• **YOUR INSTRUCTIONS**: Starting at the line with "Jordan 37 Low" and ending at the line with "Haus mit Garten", print exactly the lines of the entries below. Pictures do not belong in the copy.
---- EXTRACTED DATA
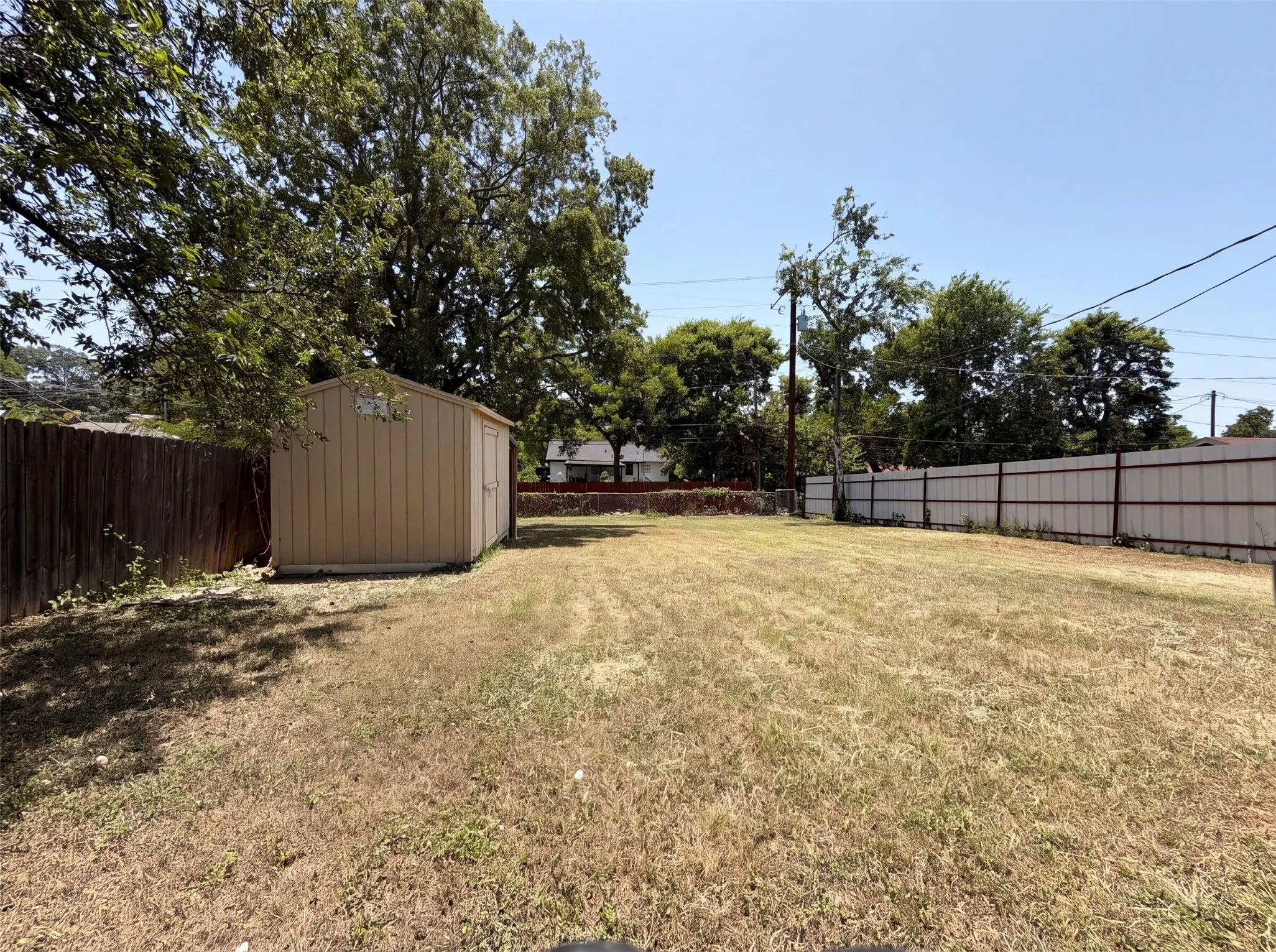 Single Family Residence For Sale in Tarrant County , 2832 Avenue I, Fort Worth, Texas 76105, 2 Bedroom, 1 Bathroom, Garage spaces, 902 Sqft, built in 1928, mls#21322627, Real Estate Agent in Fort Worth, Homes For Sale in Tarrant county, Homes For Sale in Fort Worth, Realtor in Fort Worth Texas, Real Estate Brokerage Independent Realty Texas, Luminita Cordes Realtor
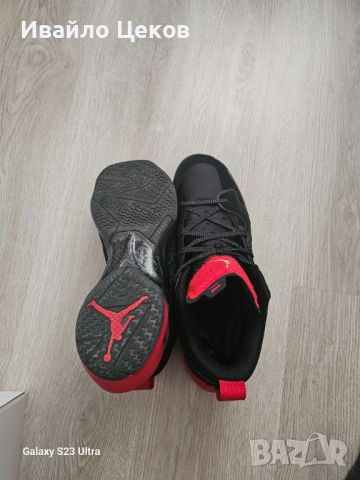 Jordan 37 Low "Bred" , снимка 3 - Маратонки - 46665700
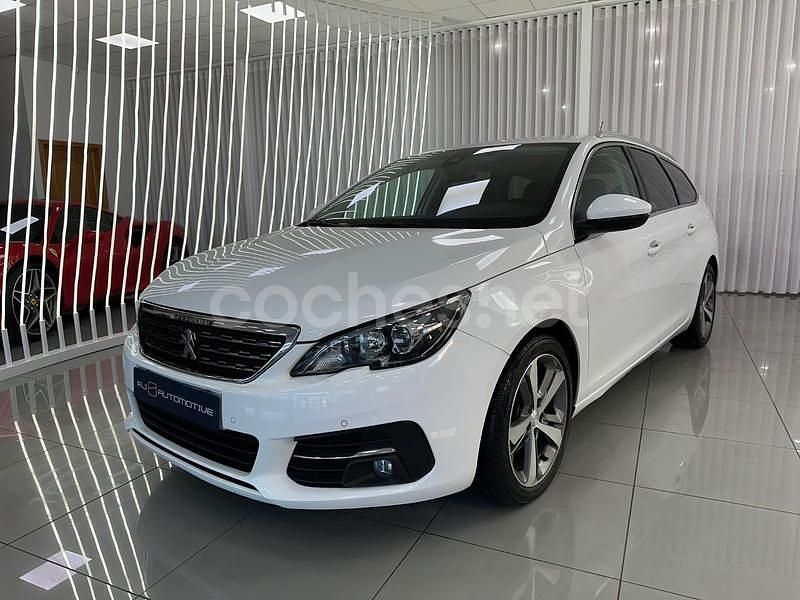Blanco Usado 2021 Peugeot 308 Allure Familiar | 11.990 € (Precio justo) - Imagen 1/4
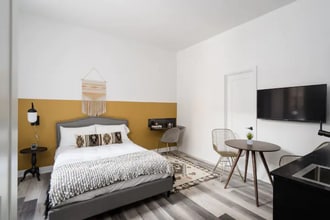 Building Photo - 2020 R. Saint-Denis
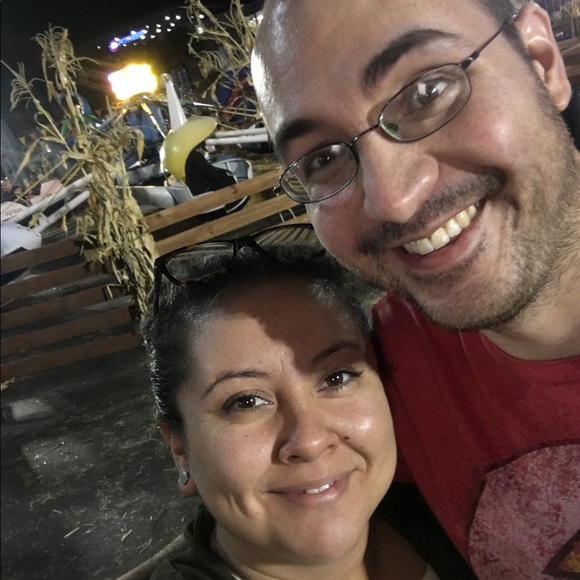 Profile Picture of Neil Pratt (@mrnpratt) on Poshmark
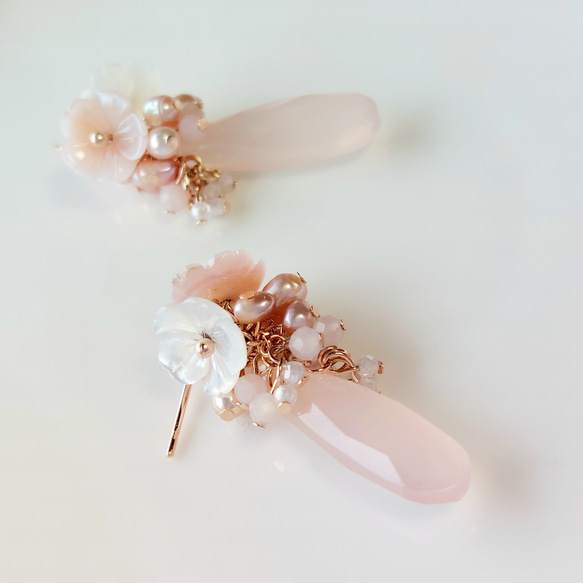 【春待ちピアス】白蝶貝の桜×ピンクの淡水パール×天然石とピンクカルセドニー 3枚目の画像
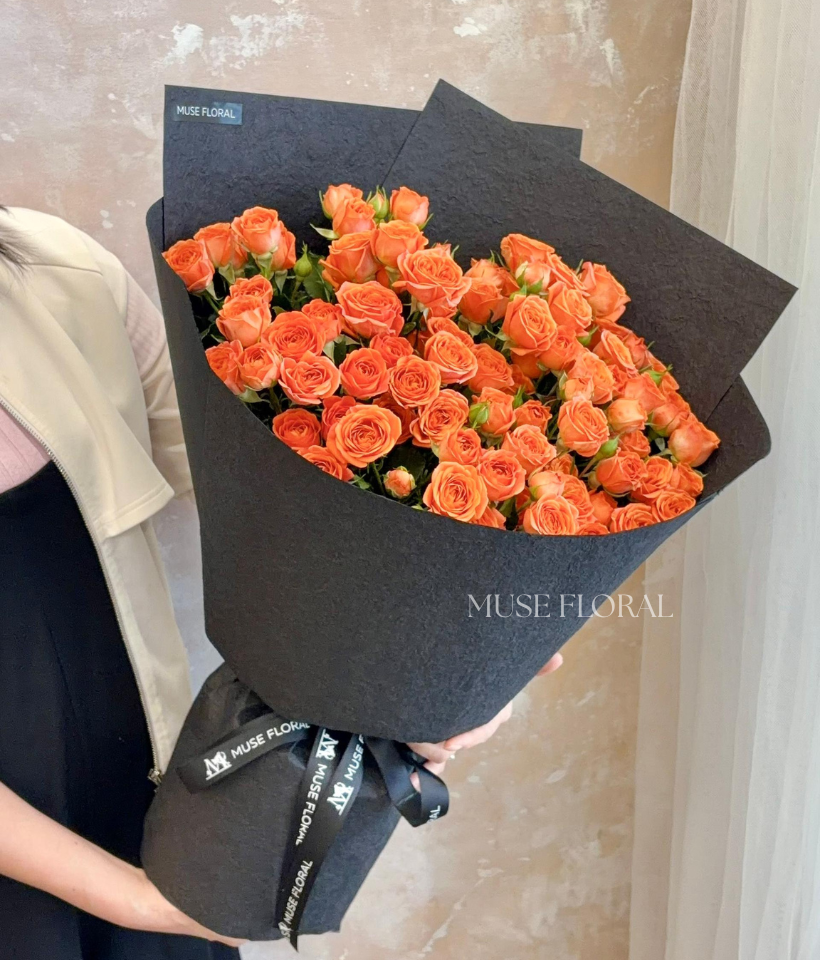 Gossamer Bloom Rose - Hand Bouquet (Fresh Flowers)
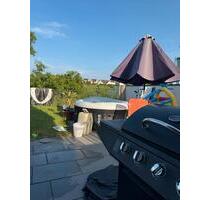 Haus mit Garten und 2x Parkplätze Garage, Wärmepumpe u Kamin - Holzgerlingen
--------
---- EXTRACTED DATA
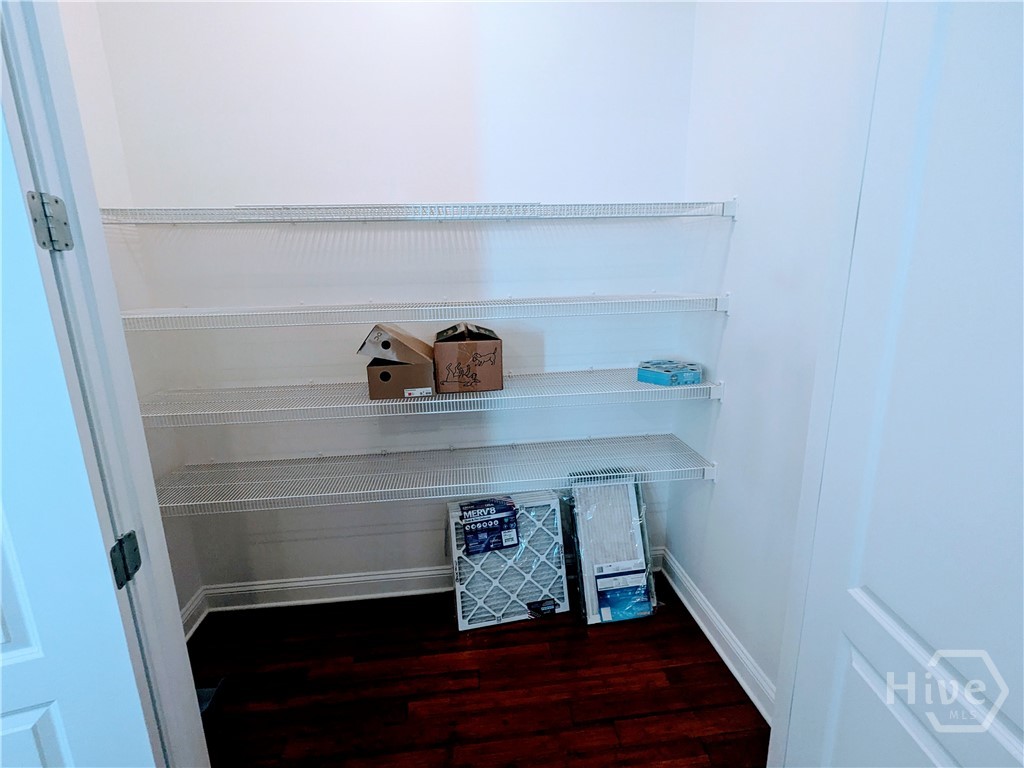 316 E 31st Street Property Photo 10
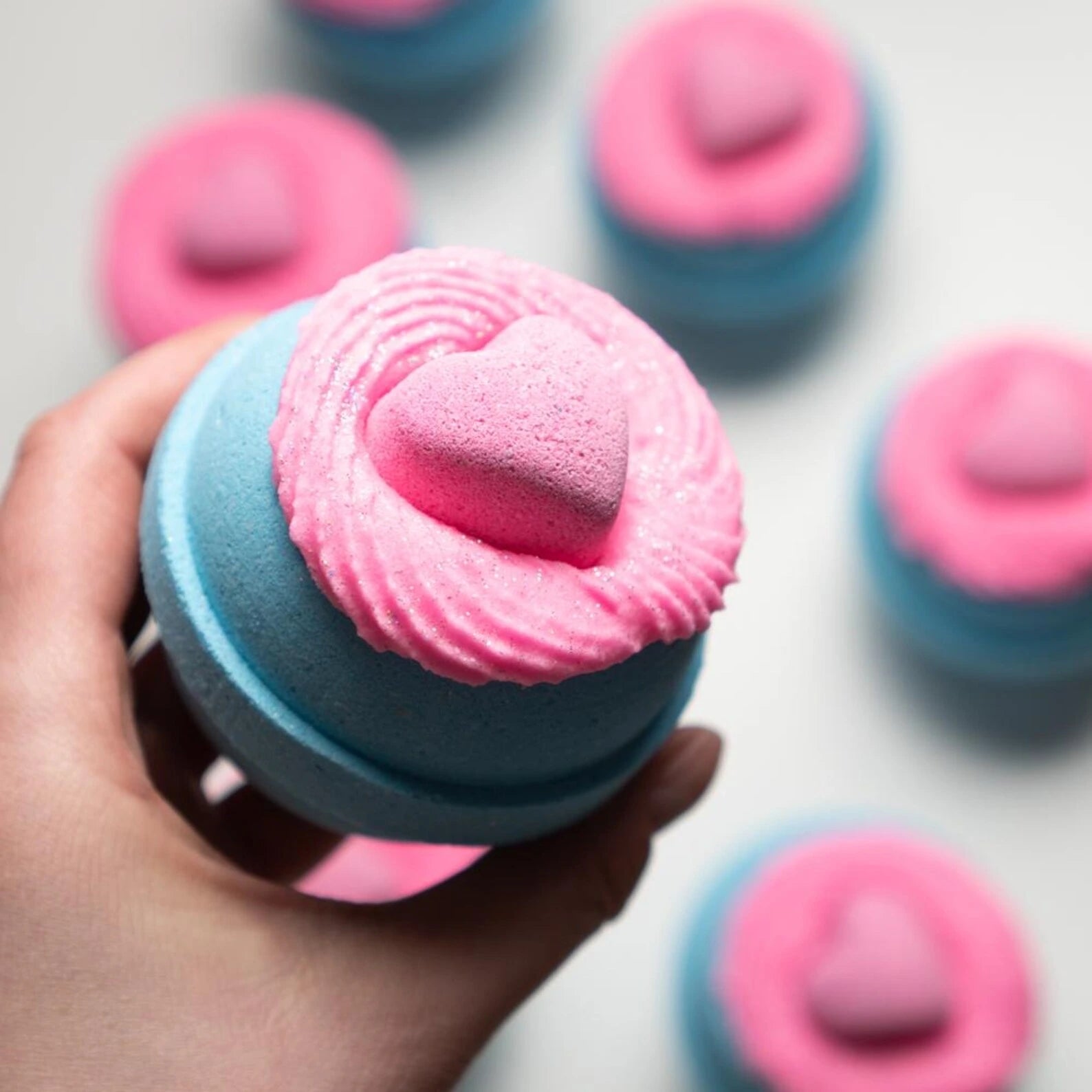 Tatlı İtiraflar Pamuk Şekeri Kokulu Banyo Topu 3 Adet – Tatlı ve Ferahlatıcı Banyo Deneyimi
--------
• **SOLUTION**:
 Jordan 37 Low "Bred" , снимка 3 - Маратонки - 46665700
Blanco Usado 2021 Peugeot 308 Allure Familiar | 11.990 € (Precio justo) - Imagen 1/4
 Building Photo - 2020 R. Saint-Denis
 Profile Picture of Neil Pratt (@mrnpratt) on Poshmark
 【春待ちピアス】白蝶貝の桜×ピンクの淡水パール×天然石とピンクカルセドニー 3枚目の画像
 Gossamer Bloom Rose - Hand Bouquet (Fresh Flowers)
 Haus mit Garten und 2x Parkplätze Garage, Wärmepumpe u Kamin - Holzgerlingen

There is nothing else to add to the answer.